## [WHAT IS NEEDED]
All lines from the one containing "MELBOURNE, AUSTRALYA - 28" through the final line of the records below should be reproduced exactly, with the pictures left out.
'''
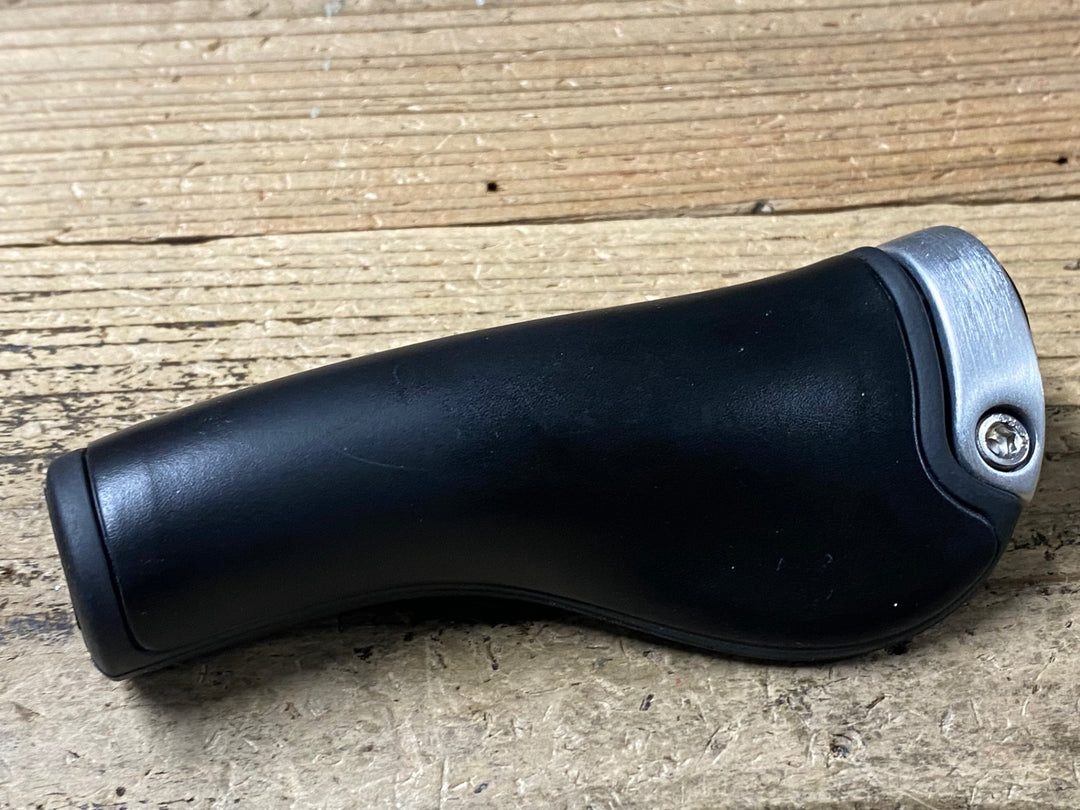 KO487 エルゴン ERGON BROOKS GP1 GRIPS グリップ 黒 132mm Φ22.2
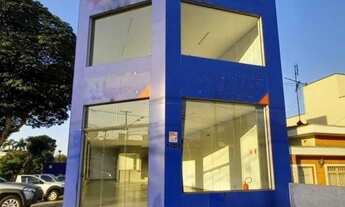 Imagem 2: Salão comercial de esquina, em avenida de grande fluxo, para locação no Jardim Chapadão, Z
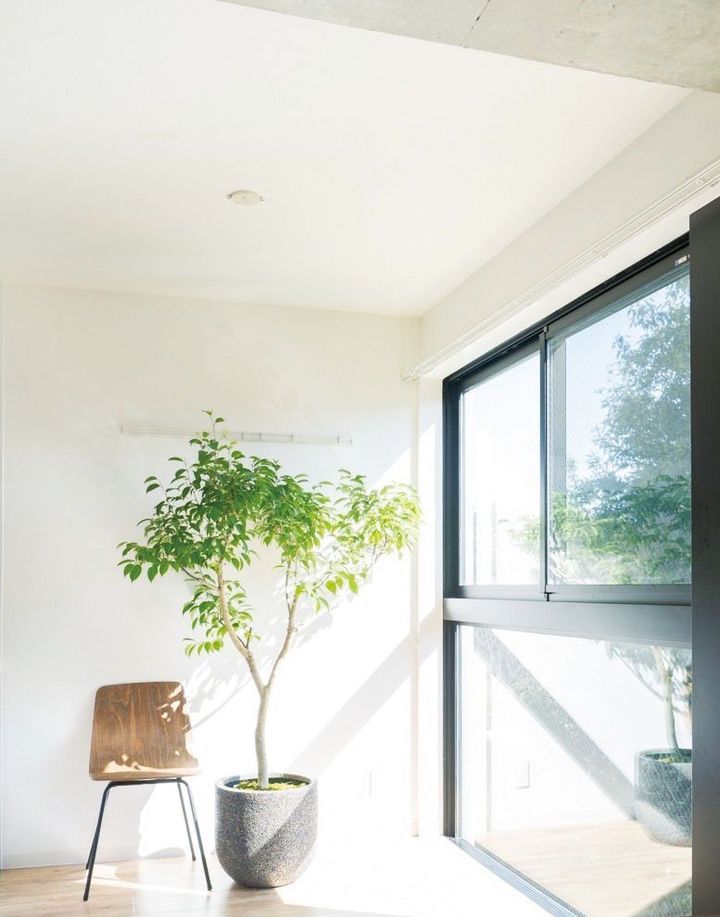 「お客さまとのゆったり対話しながらジュエリーを制作できる空間」を目指したアポイント制のサロン。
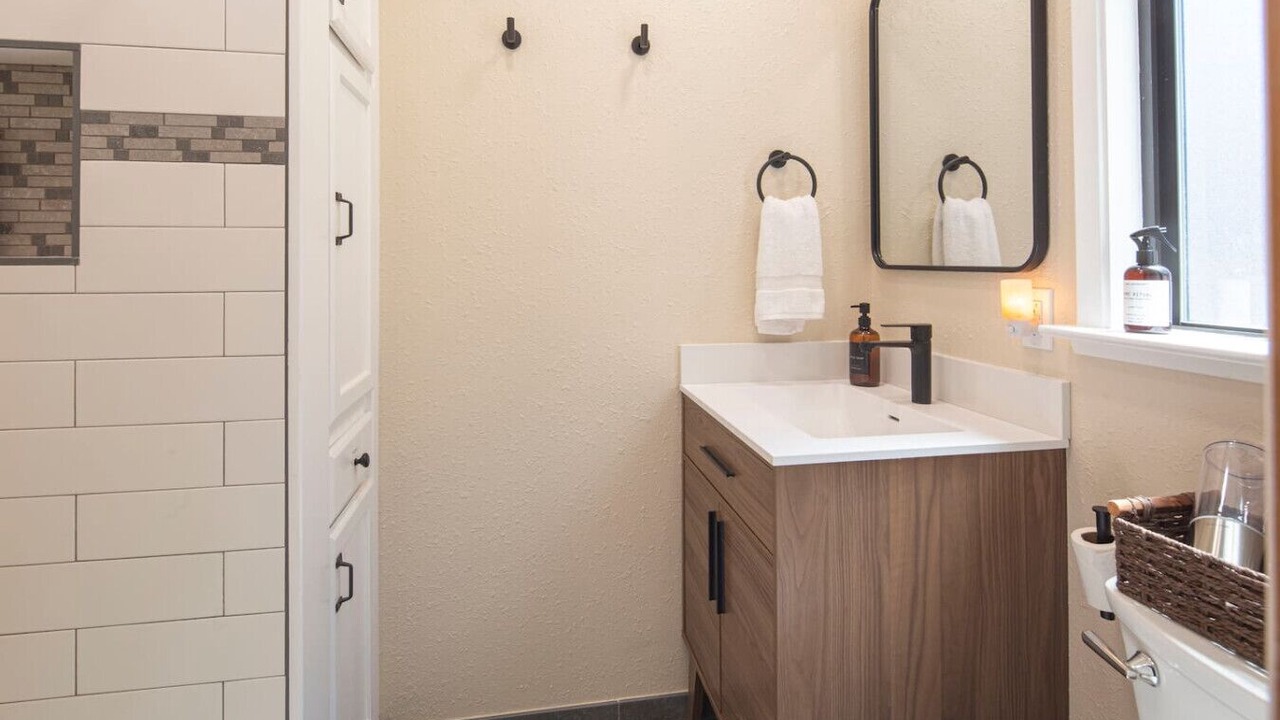 Photo of Bathroom in Long Barn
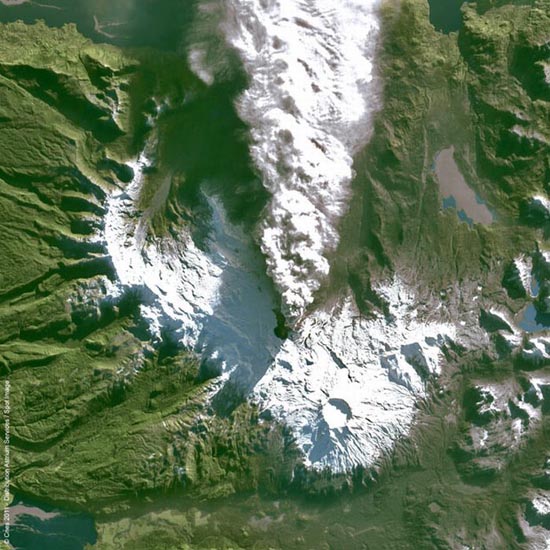 Εκπληκτικές φωτογραφίες ηφαιστείων από το διάστημα (27)
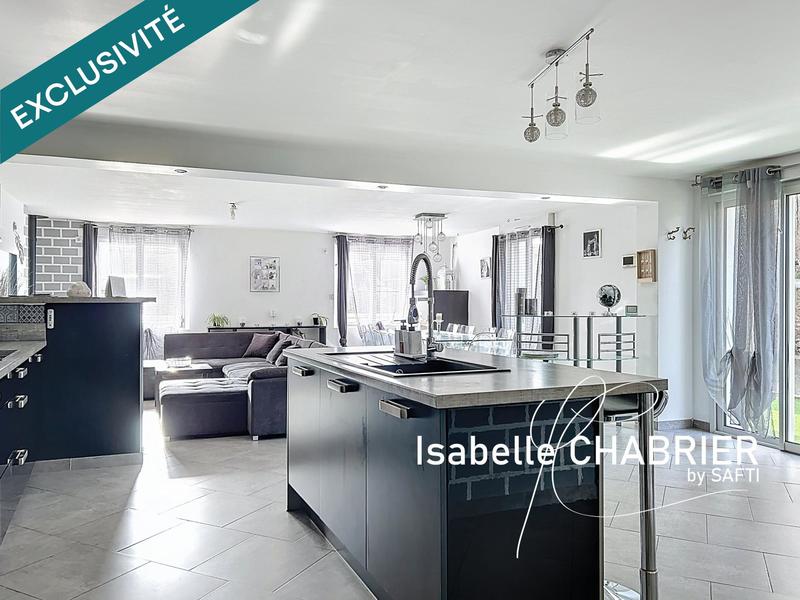 Maison - 220 m² - 6 pièces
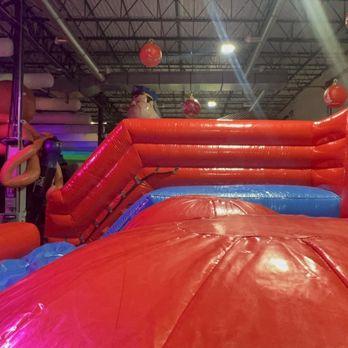 Bounce Empire - Amusement Parks Near Me - Lafayette, Colorado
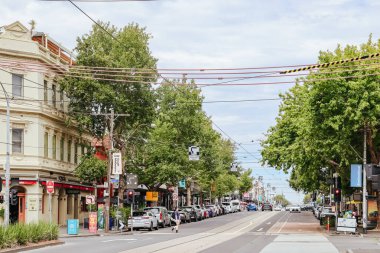 MELBOURNE, AUSTRALYA - 28 Şubat 2026: Clarendon Caddesi 'nin ünlü ve popüler alışveriş caddesi Güney Melbourne, Victoria, Avustralya' da sıcak bir yaz gününde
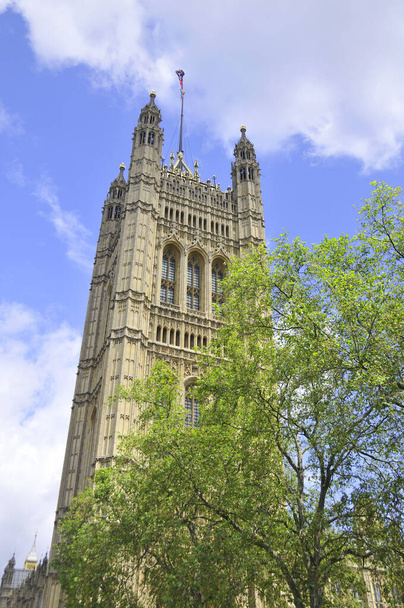 London, Vereinigtes Königreich - Palast von Westminster (Houses of Parliament) mit Victoria Tower. UNESCO-Weltkulturerbe. - Foto, Bild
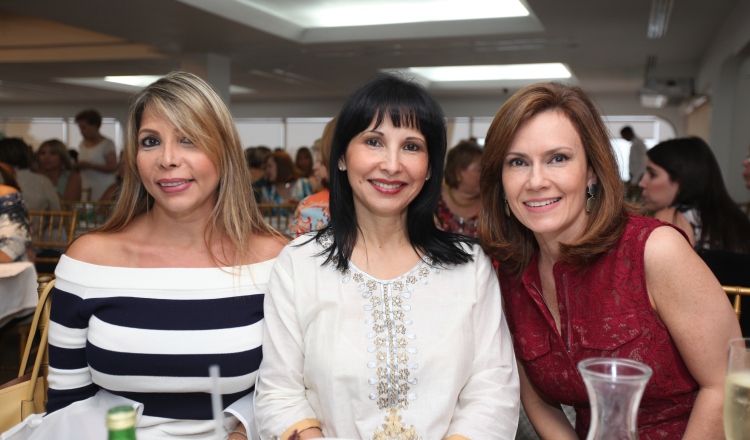 1. Rubis Carrasco, Daphne Quijano y Gloria de Jelenszky.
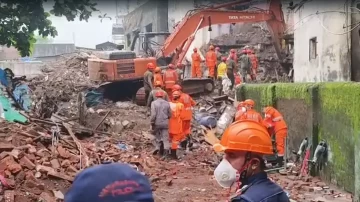 #Bhiwandi #BhiwandiBuildingCollapse #MaharashtraNews #BreakingNews #KokansadLive #NDRF #ThaneNews
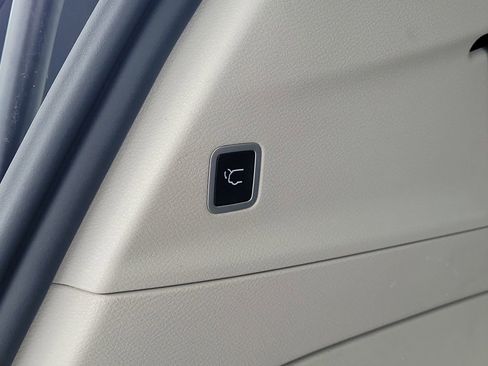 Used 2023 Chrysler Pacifica Touring-L FWD image 10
'''
## [WRITTEN SOLUTION]
 MELBOURNE, AUSTRALYA - 28 Şubat 2026: Clarendon Caddesi 'nin ünlü ve popüler alışveriş caddesi Güney Melbourne, Victoria, Avustralya' da sıcak bir yaz gününde
 London, Vereinigtes Königreich - Palast von Westminster (Houses of Parliament) mit Victoria Tower. UNESCO-Weltkulturerbe. - Foto, Bild
 1. Rubis Carrasco, Daphne Quijano y Gloria de Jelenszky.
 #Bhiwandi #BhiwandiBuildingCollapse #MaharashtraNews #BreakingNews #KokansadLive #NDRF #ThaneNews
 Used 2023 Chrysler Pacifica Touring-L FWD image 10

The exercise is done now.